Tunisie : Ennahdha accentue la pression sur Elyes Fakhfakh

Le mouvement Ennahdha doit tenir, ce dimanche 12 juillet 2020, une nouvelle session du conseil de la Choura, qui sera axé sur un seul sujet, à savoir la position politique à adopter prochainement vis-à-vis du gouvernement d’Elyes Fakhfakh.

Cette position est en rapport avec le suivi des enquêtes sur des soupçons de conflit d’intérêts pesant sur le chef du gouvernement, ayant indubitablement nui à l’image de la coalition gouvernementale.

Le Conseil de la Choura va trancher

L’image écornée de la coalition gouvernementale ne plaît pas à Ennahdha, au point de réévaluer sa position d’Ennahdha vis-à-vis du gouvernement et de la coalition le constituant.

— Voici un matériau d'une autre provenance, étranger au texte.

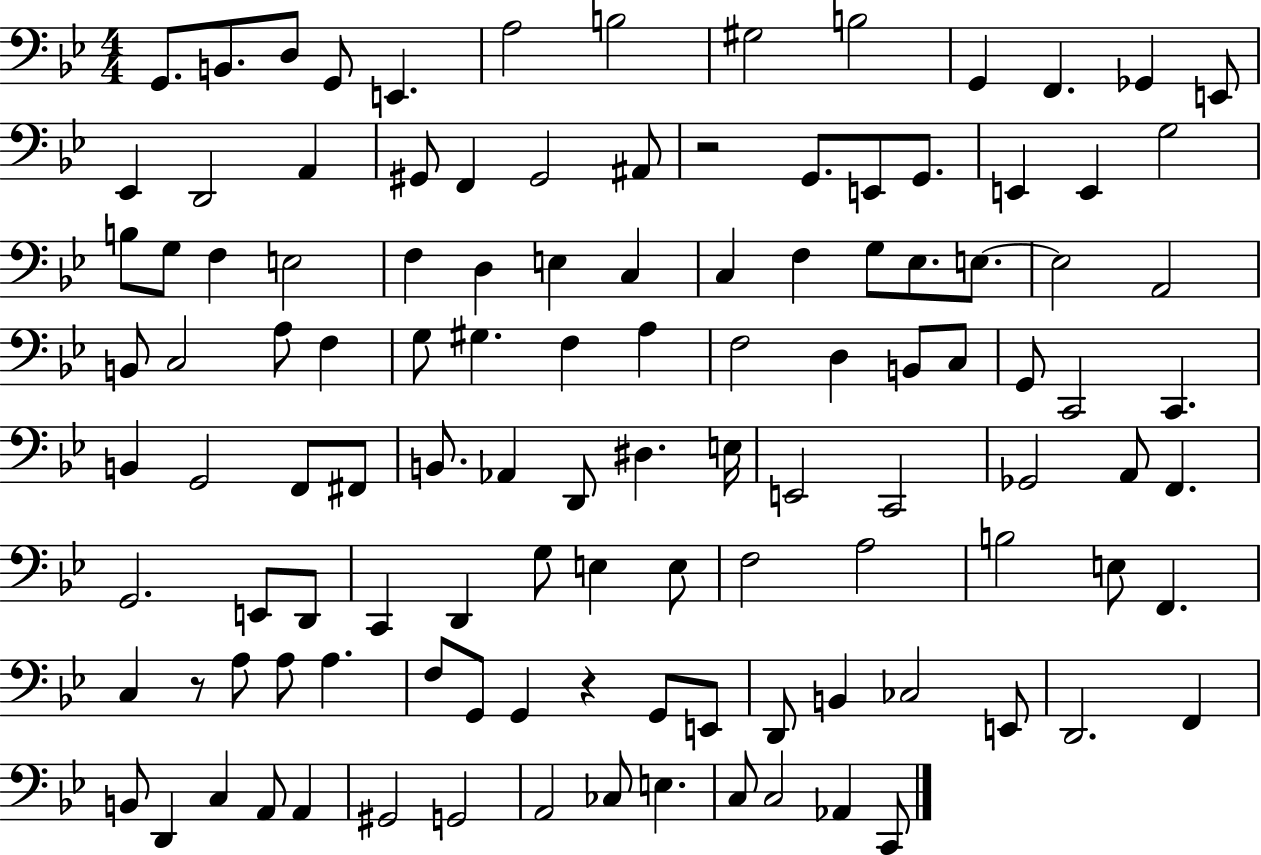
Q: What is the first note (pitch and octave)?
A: G2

Jeudi 9 juillet, le président du conseil de la Choura d’Ennahdha, Abdelkarim Harouni avait déjà été clair à ce sujet en lançant un ultimatum au chef du gouvernement, Elyes Fakhfakh pour changer la composition de son cabinet gouvernemental voire en l’appelant à démissionner.

Harouni a critiqué l’entêtement d’Elyes Fakhfakh à ne pas vouloir changer la composition de son gouvernement, ce qui bloque, selon lui, les mécanismes l’Etat. Il a également donné un aperçu de ce que pourrait engendrer la session du conseil de la Choura, à savoir, une reconsidération de la position d’Ennahdha envers le gouvernement.

Appel à la démission

Selon Harouni, l’affaire de conflit d’intérêts pesant sur Elyes Fakhfakh a nui à la coalition gouvernementale, mais au-delà des soupçons pesant sur le Chef du gouvernement, l’appel à la démission lancé par Ennahdha est en fait motivé par d’autres considérations, politiques cette fois.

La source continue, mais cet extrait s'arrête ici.